- Opening Delimiter -

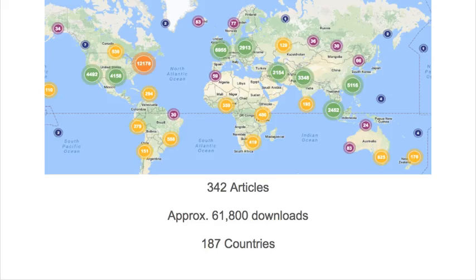So far, URI faculty have deposited 342 articles under the open access policy. When you deposit to Digital Commons at URI, you will automatically have access to usage statistics, including the number of downloads, referral sites, and a usage map like this one.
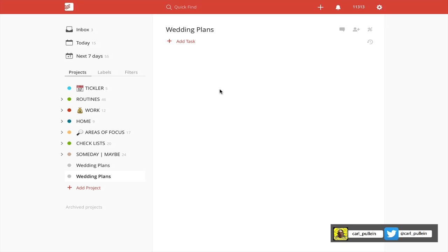Hello and welcome to episode 84 of my working with Todoist series. In this episode I want to take you to the next level of project planning in Todoist using the GTD natural project planning method.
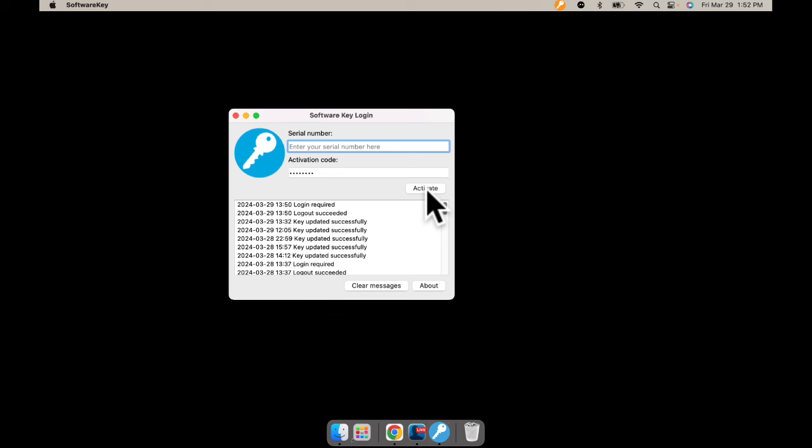To go back to your Junior program, close your software, open your key, replace these numbers with your Junior numbers, and it'll go back to your Junior program.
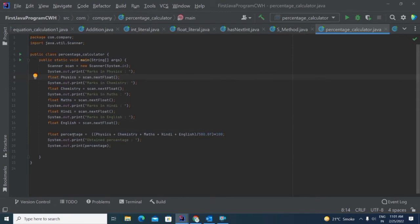Here, I have used the formula for calculating percentage, which is marks obtained by the student in all subjects divided by total number of marks, into 100. Now, if you are using float data type, then you need to write F in front of every floating point number. If you do not give this, it will give you an error and it will consider this as a double data type.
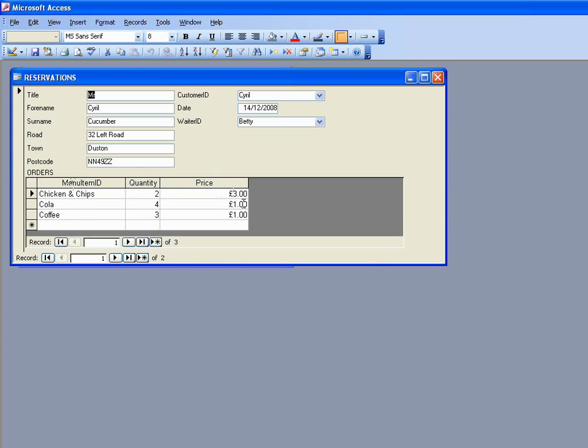What we want to do here is to add an extra column at the end which will calculate the total price for each of those items that they've had. In this case we've had two lots of chicken and chips, three pounds each, and we'd expect six pounds to be over here in this column.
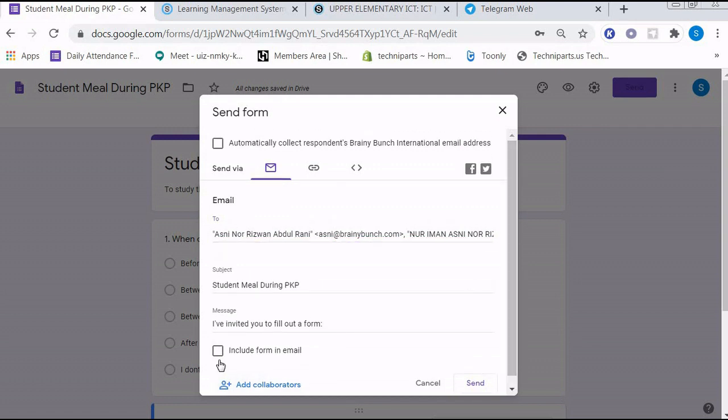You can also include form in email so they can directly answer through the email.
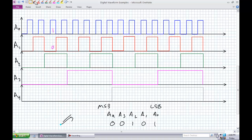If A0 represents the clock, at that positive edge, what is the value of A1? It's a 1. A2, it's a 1. A3 is a 0. A4 is a 0. So 0, 0, 1, 1. Your ability to differentiate what is the clock signal, what is a data signal, what's an input, what's an output — absolutely essential. Staying organized is key to your success in digital electronics.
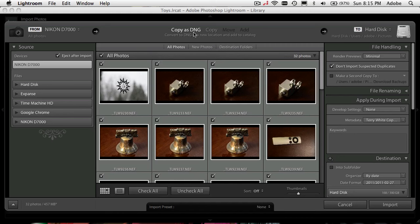So I have 'copy' or 'copy as DNG.' I also have 'move,' which moves them from wherever you're bringing them in from onto your drive, or 'add' them in place. I would never use the add command working off a memory card, because once I take that memory card out of my computer, Lightroom won't be able to do anything with those photos until I put the card back in. And if I erase the card, the photos are gone. So you're usually either going to do copy as DNG or copy when working with a memory card.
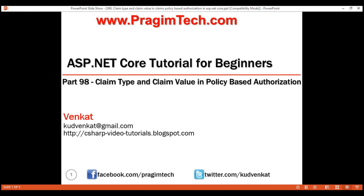This is part 98 of ASP.NET Core tutorial. In this video, we'll discuss using both claim type and claim value in policy-based authorization in ASP.NET Core.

- Closing Delimiter -

» **Brief**:
Above are the records; repeat them exactly, omitting every picture.

» **Result of this task**:
So far, URI faculty have deposited 342 articles under the open access policy. When you deposit to Digital Commons at URI, you will automatically have access to usage statistics, including the number of downloads, referral sites, and a usage map like this one.
Hello and welcome to episode 84 of my working with Todoist series. In this episode I want to take you to the next level of project planning in Todoist using the GTD natural project planning method.
To go back to your Junior program, close your software, open your key, replace these numbers with your Junior numbers, and it'll go back to your Junior program.
Here, I have used the formula for calculating percentage, which is marks obtained by the student in all subjects divided by total number of marks, into 100. Now, if you are using float data type, then you need to write F in front of every floating point number. If you do not give this, it will give you an error and it will consider this as a double data type.
What we want to do here is to add an extra column at the end which will calculate the total price for each of those items that they've had. In this case we've had two lots of chicken and chips, three pounds each, and we'd expect six pounds to be over here in this column.
You can also include form in email so they can directly answer through the email.
If A0 represents the clock, at that positive edge, what is the value of A1? It's a 1. A2, it's a 1. A3 is a 0. A4 is a 0. So 0, 0, 1, 1. Your ability to differentiate what is the clock signal, what is a data signal, what's an input, what's an output — absolutely essential. Staying organized is key to your success in digital electronics.
So I have 'copy' or 'copy as DNG.' I also have 'move,' which moves them from wherever you're bringing them in from onto your drive, or 'add' them in place. I would never use the add command working off a memory card, because once I take that memory card out of my computer, Lightroom won't be able to do anything with those photos until I put the card back in. And if I erase the card, the photos are gone. So you're usually either going to do copy as DNG or copy when working with a memory card.
This is part 98 of ASP.NET Core tutorial. In this video, we'll discuss using both claim type and claim value in policy-based authorization in ASP.NET Core.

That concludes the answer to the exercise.